WHAT IS REQUIRED →
Give the lines below again, exactly as they stand, and leave out the images.

*** Opening PROVIDED DATA ***

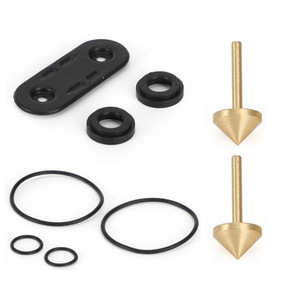 Repair Kit For Mercedes Benz 2208300184 2208300084 2208300284 Brass <b>Screws</b> O Rings <b>Bits</b> <b>Set</b> Auto Repair Tool - Product Image 1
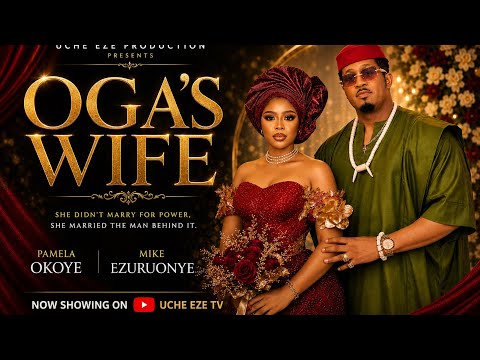 OGA'S WIFE - His Other Woman | Latest Nigerian Movie Drama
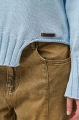Sweter Damski Bocq Light Blue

*** Closing PROVIDED DATA ***

COMPLETED EXERCISE →
 Repair Kit For Mercedes Benz 2208300184 2208300084 2208300284 Brass <b>Screws</b> O Rings <b>Bits</b> <b>Set</b> Auto Repair Tool - Product Image 1
 OGA'S WIFE - His Other Woman | Latest Nigerian Movie Drama
Sweter Damski Bocq Light Blue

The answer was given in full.